The study by academics at the University of Bristol’s Intelligent Systems Laboratory is published online in ACM Transactions on Intelligent Systems and Technology.
Social networks, such as Facebook and microblogging services like Twitter, have only been around for a short time but in that time they have provided shapshots of real life by forming, electronically, public expression and interaction.
The research by Professor Nello Cristianini and Vasileios Lampos in the University’s Intelligent Systems Laboratory, geo-tagged user posts on the microblogging service of Twitter as their input data to investigate two case studies.
The first case study looked at levels of rainfall in a given location and time using the content of tweets. The second case study collected regional flu-like illness rates from tweets to find out if an epidemic was emerging.
The study builds on previous research that reported a methodology that used tweets to track flu-like illness rates in several UK regions. The research also demonstrated a tool, the Flu Detector, which uses the content of Twitter to map current flu rates in several UK regions.
Professor Nello Cristianini, speaking about the research, said: “Twitter, in particular, encouraged their 200 million users worldwide to make their posts, commonly known as tweets, publicly available as well as tagged with the user’s location. This has led to a new wave of experimentation and research using an independent stream of information.
“Our research has demonstrated a method, by using the content of Twitter, to track an event, when it occurs and the scale of it. We were able to turn geo-tagged user posts on the microblogging service of Twitter to topic-specific geolocated signals by selecting textual features that showed the content and understanding of the text.”

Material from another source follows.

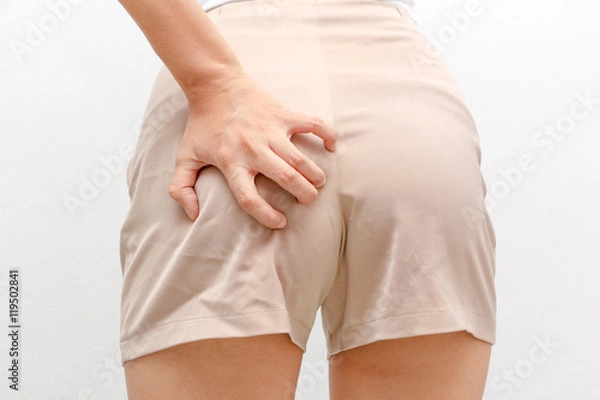 Fototapeta Buttocks itching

Over several months, the researchers were able to gather a database of over 50 million geo-located tweets, which could then be compared to official data from the UK’s National Health Service on flu incidence by region.
The researchers deployed state-of-the art machine learning algorithms that automatically figured out which keywords in the database of tweets were associated with elevated levels of flu. In this way they were able to create a predictive model that transformed keyword incidence in tweets into an estimate of the severity of flu in that area.
While it is true that Twitter users do not represent the general population, this study indicates that Twitter can be used to track an event.
Future work could be focused on improving various subtasks in the methodology, enabling researchers to become ever more expert at pinpointing situations, such as a flu outbreak or electoral voting intentions.
Paper: Nowcasting Events from the Social Web with Statistical Learning, Vasileios Lampos, Nello Cristianini. ACM Transactions on Intelligent Systems and Technology (ACM TIST), accepted for publication September 2011.